Now, I would like to (know how to) calculate the following values:

• Let's suppose that a Championship Season ends when a racer first hits or surpasses 1000 pts, after $x$ rounds. What is the expected number $x$ of rounds in a Season?
• What is the expected ranking and overall number of points for each racer in the final classification?
• What is the expected number of participated rounds for each racer?
• What is the expected number of participations to Hard races / Medium races / Easy races, separately, for each racer?
• What is the expected average points earned by each racer, separately for each type of race (Hard/Medium/Easy)?
• What is the expected number of races (or probability) for a given specific "arrangement" (for instance, how many Hard races with no. 3 cars #1 and no. 1 car #2)?
• If I were to simulate an entire Season with an Excel macro, would it make any difference, when selecting the racers for each race in a round, if I randomly selected the racer first or the race type first? I will try such simulations, but I'm more interested in what the theory could say about this.
• If I were instead to do an in-game simulation, I would have to choose for myself, me being the player, one among the 20 racers, but I would have to never participate to any races in order to not mess up the results of the other 19 A.I.-controlled racers. So, how would the above expected numbers/probabilities change in case one racer never participates to any race, depending on its car type?

With all the restrictions and rules explained at the beginning, I cannot get my round about these problems.
Of course I'm not expecting anyone to answer all the questions above, just a specific calculation or any insights will be appreciated!
Thanks a lot for your attention.

 

[andrewkirk]

The problem specification is complete except in one point:

TL;DR Summary: A 1996 PC game and its random choices.

In a given round, the racers are selected to take part in the 3 races at random (but always respecting the above rules).

This is incomplete. It needs to specify how the randomness operates, and what the probabilities are.
Here are two different examples, that will give different outcomes:

1. for a round there will be a defined set of valid allocations of racers to races. For each round, one of those is selected, using equal probabilities for each valid allocation.

2. Starting with the Easy race and working through to the hard race, select participants for each.
For each of those races, select four racers from those eligible to participate, giving equal probability weight of selection to each racer. Note that racers already selected for a race in this round are not eligible. This is a "selection without replacement".

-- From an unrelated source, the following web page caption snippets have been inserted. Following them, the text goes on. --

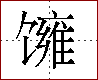 [2CCD3.png]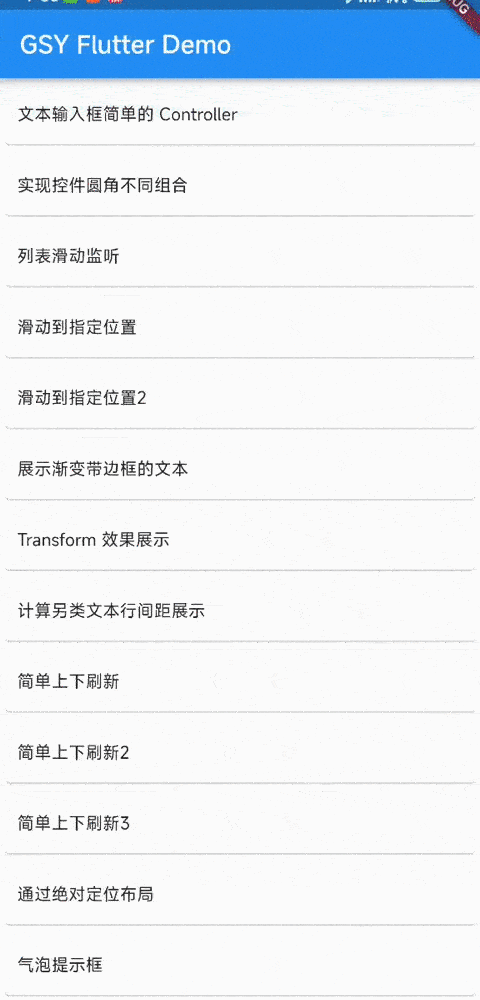 Flutter 3.7 之快速理解 toImageSync 是什么？能做什么？ - 图3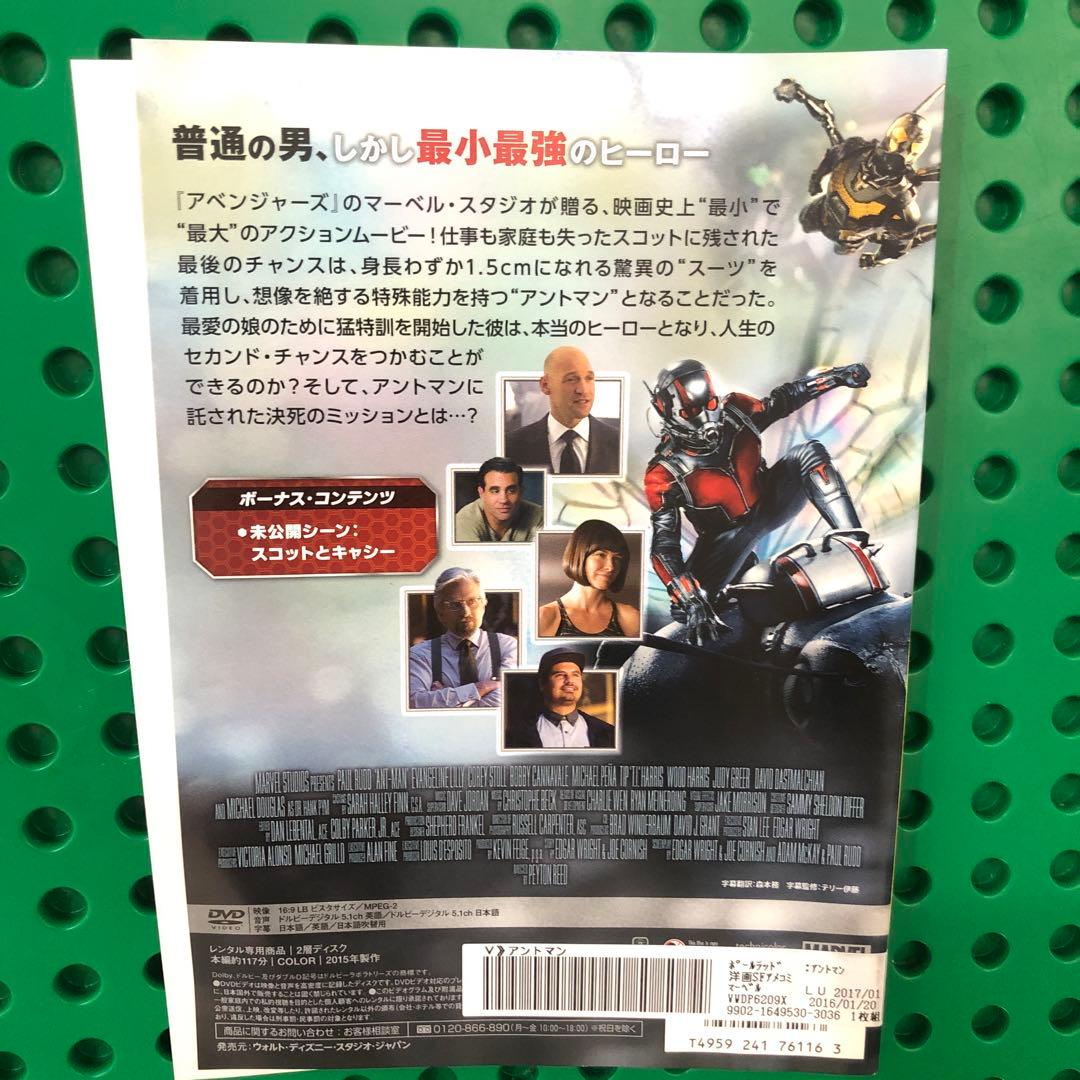 アントマン　アントマン&ワスプ　DVD／2セット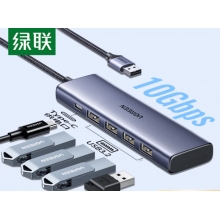 USB分线器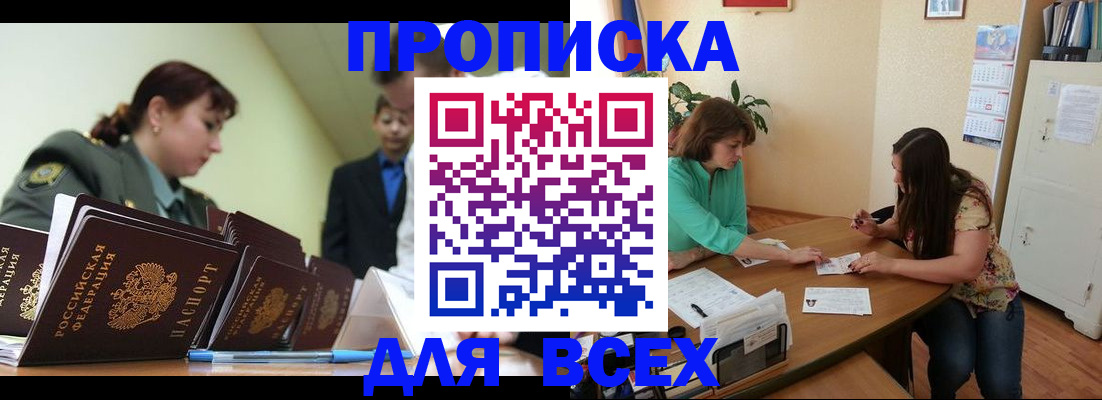 прописка законно в Отрадном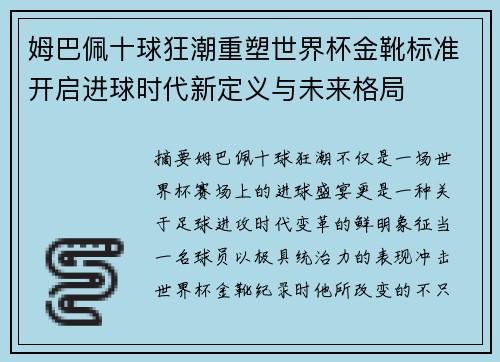 姆巴佩十球狂潮重塑世界杯金靴标准开启进球时代新定义与未来格局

My instinct says the calcs would be easier for the second approach than the first. But that may be wrong.

 

[FactChecker]

I recommend using a language other than Excel to simulate this problem that can easily run thousands of simulations. I don't know how well Excel lends itself to Monte Carlo simulations of any complexity, but several computer languages can handle it. And you should not be involved at all in the simulation since it would require tens (hundreds?) of thousands of simulations to get any accuracy in the results.
IMO, you should have already selected a racer before you select the race, since the type of car changes how many race-types it can be in.

 

[FranzS]

The problem specification is complete except in one point:

This is incomplete. It needs to specify how the randomness operates, and what the probabilities are.
Here are two different examples, that will give different outcomes:

1. for a round there will be a defined set of valid allocations of racers to races. For each round, one of those is selected, using equal probabilities for each valid allocation.

2. Starting with the Easy race and working through to the hard race, select participants for each.
For each of those races, select four racers from those eligible to participate, giving equal probability weight of selection to each racer. Note that racers already selected for a race in this round are not eligible. This is a "selection without replacement".

My instinct says the calcs would be easier for the second approach than the first. But that may be wrong.

I recommend using a language other than Excel to simulate this problem that can easily run thousands of simulations. I don't know how well Excel lends itself to Monte Carlo simulations of any complexity, but several computer languages can handle it. And you should not be involved at all in the simulation since it would require tens (hundreds?) of thousands of simulations to get any accuracy in the results.
IMO, you should have already selected a racer before you select the race, since the type of car changes how many race-types it can be in.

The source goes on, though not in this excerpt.